Judicial reversal grants Bear Stearns right to challenge its 'complicity' in Bermuda-administered trust fund fraud
Bear Stearns can challenge an order to pay out $125 million to investors who were left high-and-dry by the collapse of Bermuda-administered Manhattan Investment Fund in 2000.
The New York broker continued to accept $125 million in margin payments from the fund's Bank of Bermuda account during the final year leading up to the collapse of the fund in March 2000, which left investors with more than $400 million of losses.
It has been argued in court that Bear Stearns continued to extend margin to the boss of the fund Michael Berger, up to a year or more after it should have known he was acting in a fraudulent manner. Austrian-born Berger pleaded guilty to fraud in November 2000, some eight months after the fund collapsed.

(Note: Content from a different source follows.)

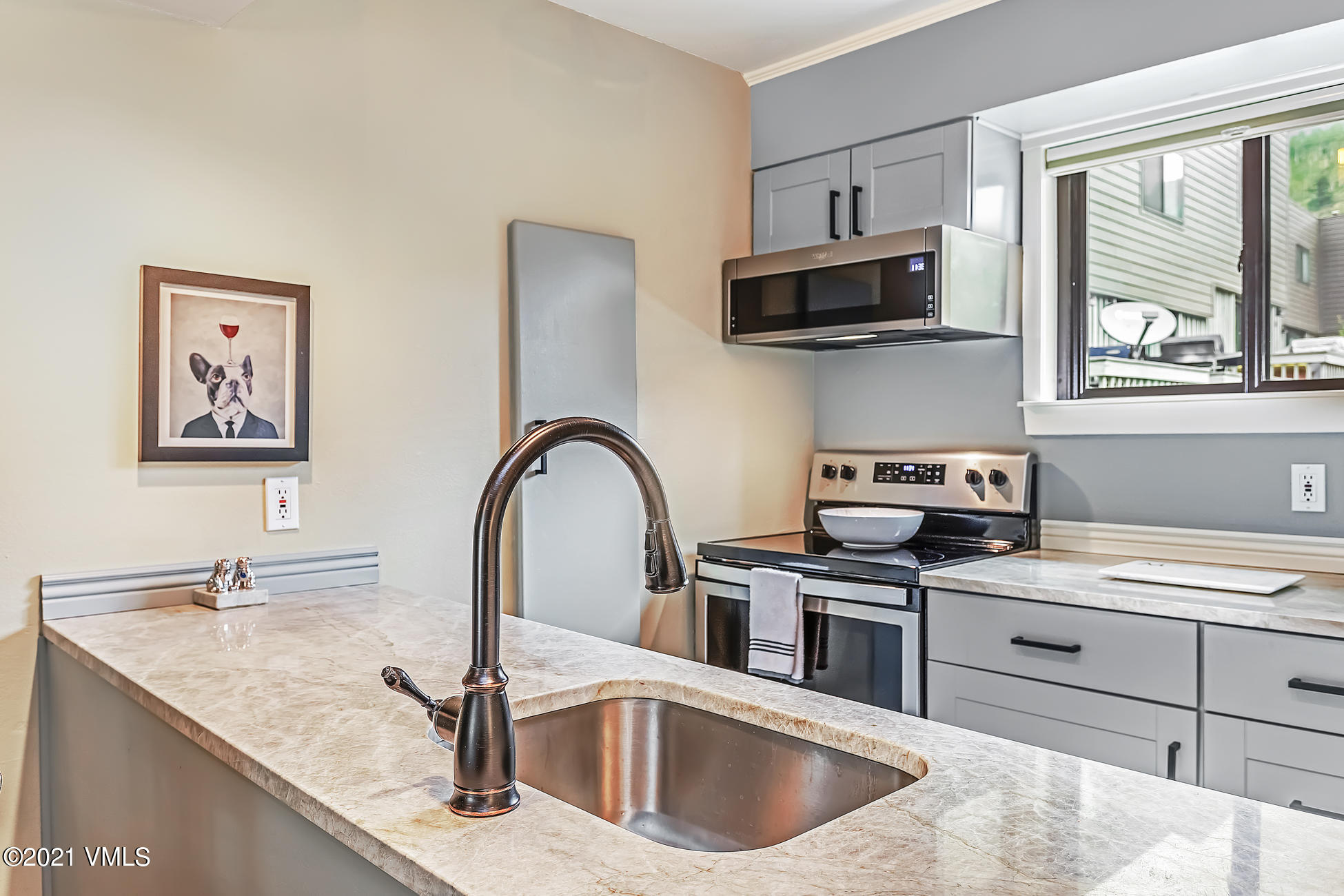 980 Vail View Drive, Unit 211B Vail, CO 81657 - Photo 7 of 21 a kitchen with stainless steel appliances granite countertop a sink stove top oven and microwave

In September this year Bear Stearns was ordered by a judge to pay $125.1 million for its "complicity" in the fraud to the estate of the defunct Manhattan Investment Fund, which was administered and audited in Bermuda but registered in the British Virgin Islands.

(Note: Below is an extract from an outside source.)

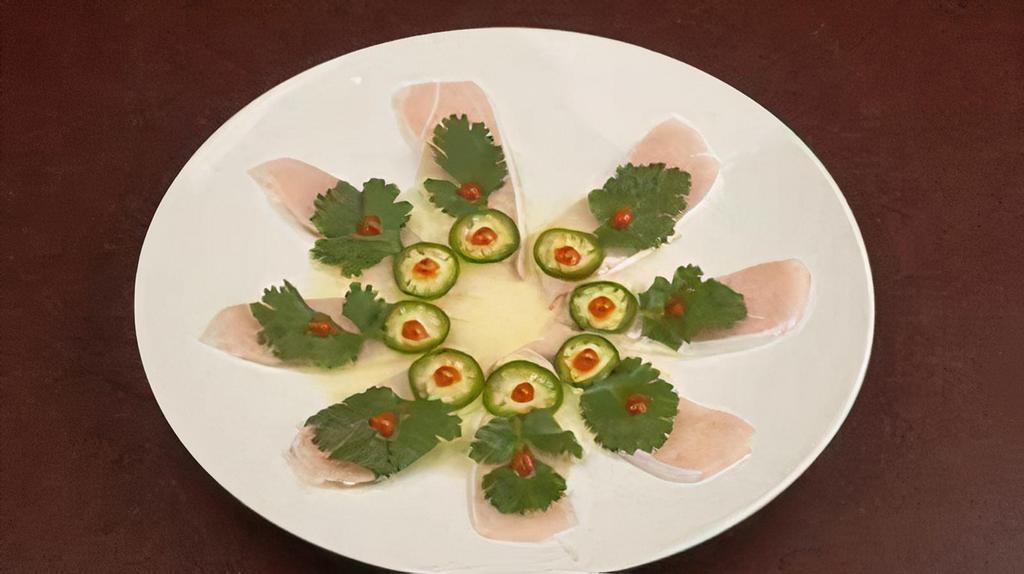 Razor /Ytail · Thinly sliced yellowtail tuna topped with cilantro, serrano chiles, and sriracha sauce finished with yuzu sauce.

That money would be shared amongst investors who lost more than $400 million when the fund collapsed seven years ago after being exposed as a "Ponzi" scheme that cheated around 300 investors.
Companies involved in administering and auditing for the fund have already paid out tens of millions of dollars in liabilities.
Deloitte & Touche, the fund's Bermuda auditors agreed three years ago to pay $32 million in a settlement relating to its part in the collapse, while Fund Administration Services (Bermuda) Limited, an affiliate of Ernst & Young who administered the fund, paid out $40.8 million.
Then, three months ago, Bear Stearns was ordered to do likewise - to the sum of $125.1 million - by US bankruptcy court judge Burton Lifland. The judge said there was sufficient evidence that Bear Stearns, which was the prime broker for the fund, had been alerted in 1998 that not all was as it should be with the fund but had continued to provide margin for Berger.
In his view Bear Stearns had not thoroughly investigated what was going on and was therefore complicit to the resulting collapse of the fund and the fraud that had taken place.
Now a second judge, federal district judge Naomi Reice Buchwald, has reversed that judgement and cleared the way for Bear Stearns to have a trial where it can seek to prove it did enough due diligence to prove it was not at fault by knowingly allowing a fraud to continue.
In a written decision, the judge wrote: "Bear Stearns may prevail on its good faith defense (and so avoid liability) if its investigation of the Fund was diligent. We cannot say that no reasonable juror could find that Bear Stearns' actions were diligent."
Bear Stearns is now entitled to a jury trial as a predicate to any finding of liability.
The Manhattan Investment Fund fraud came to light when Deloitte & Touche withdrew approval for the fund's financial statements for 1996, 1997 and 1998.
The fund collapsed as Berger attempted to sell "short" overvalued technology stocks in a rising market.